Here we go. Roxanne's turn. I look up, ready for them.

Her eyes are filling with tears. She's about to cry, but then she gives me a wide, wide smile, which shocks me for a second because she has adult braces—
a lot
of them—and I didn't expect that. I had no idea.

“I am
so
sorry,” she stage whispers. “I forgot them again!”

I hand her my stack of pages. “Do you want—?”

“No!” She puts her hands up, like I've just offered her monkey brains. “I couldn't. I'm a
professional
.”

She's still whispering. I don't know how she's missed the fact that we're both mic'ed up
and
Saul is on a ladder, holding a boom mic over us.

“Can you start over?” she whispers. “Just one more time?”

Oh, hell no. Jesus. What the hell do I do now?

Fortunately, Mia comes over. “Roxanne,” she says, guiding her off the couch like she's an eighty-year-old woman, “we'll try again a little later, okay? Nothing to worry about. Everyone gets nervous.”

I shake my head. Somebody ought to just tell her. She's in the wrong line of work.

After Roxanne comes Sheila, who manages to read her lines, but with a lisp. Cute, in all honesty, but cute like a three-year-old. Then comes Amanda, a brunette knockout. Her breath smells like onions and garlic. And corpse. I almost puke when she leans in and speaks her lines. Then comes Molly, who has no visible afflictions. She's decent, in fact, but has no spark. No soul. No . . . ​style.

Two hours pass this way. I'm sweating under these lights, and I'm getting more tired by the second. I ask for breaks. Brooks, Adam, and Mia take turns shooting me down. This couch is my prison.

I learned the lines the first time I read them, so I make a few paper airplanes out of the script pages and try to peg Adam with them. That gets boring. So I make up a song and call it “Emma-Love.” It's decent. People clap when I finish singing it.

Then I hit a wall. My hangover shows up and it's rude. It has a bad attitude, my hangover. By lunchtime, I feel like I'm dying. I get half an hour to raid the craft services table, then I'm back on. My energy's completely gone, so I start napping on the couch during the three-to-five-minute intervals between reads.
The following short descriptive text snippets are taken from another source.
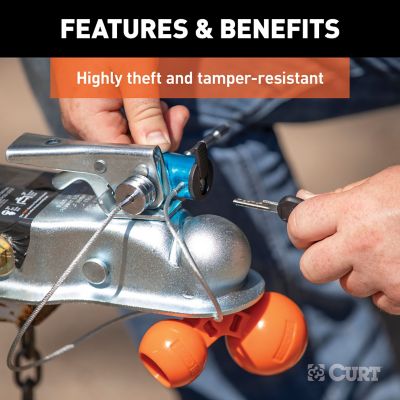 Image showing  Universal Tri-Ball Trailer Coupler Lock, Fits 1-7/8 in., 2 in., 2-5/16 in.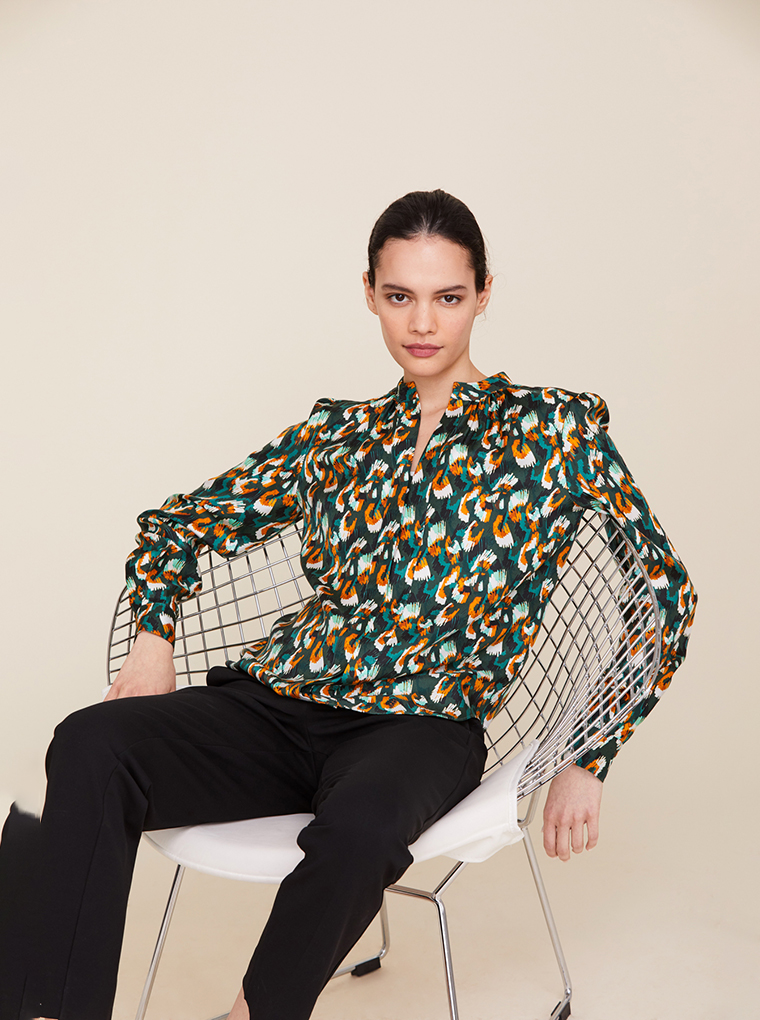 OLYMPIA SILK BLOUSE FOLIAGE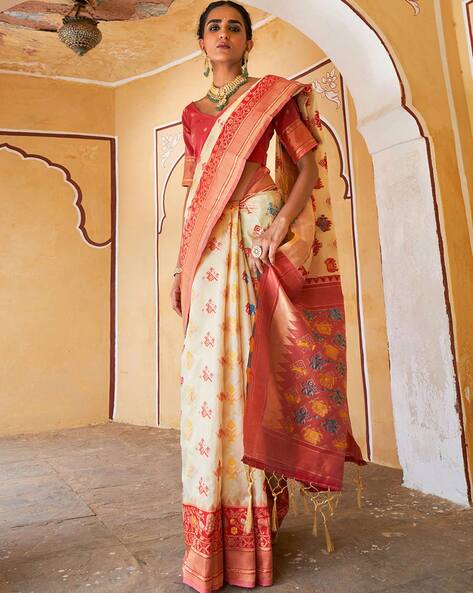 Self Design, Temple Border Banarasi Jacquard, Pure Cotton Saree Price in  India, Full Specifications & Offers | DTashion.com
The p.m. hours drag past, even slower than morning. This was never fun, but now it's torture. My band's practicing tonight. I tell Adam I need to be there. That I won't miss it. But around six o'clock, I'm still saying that I fucking love Emma and always fucking have.

“I'm done, Adam,” I say, after the thirtieth girl who looks the same and sounds the same. I lie back on the couch, closing my eyes.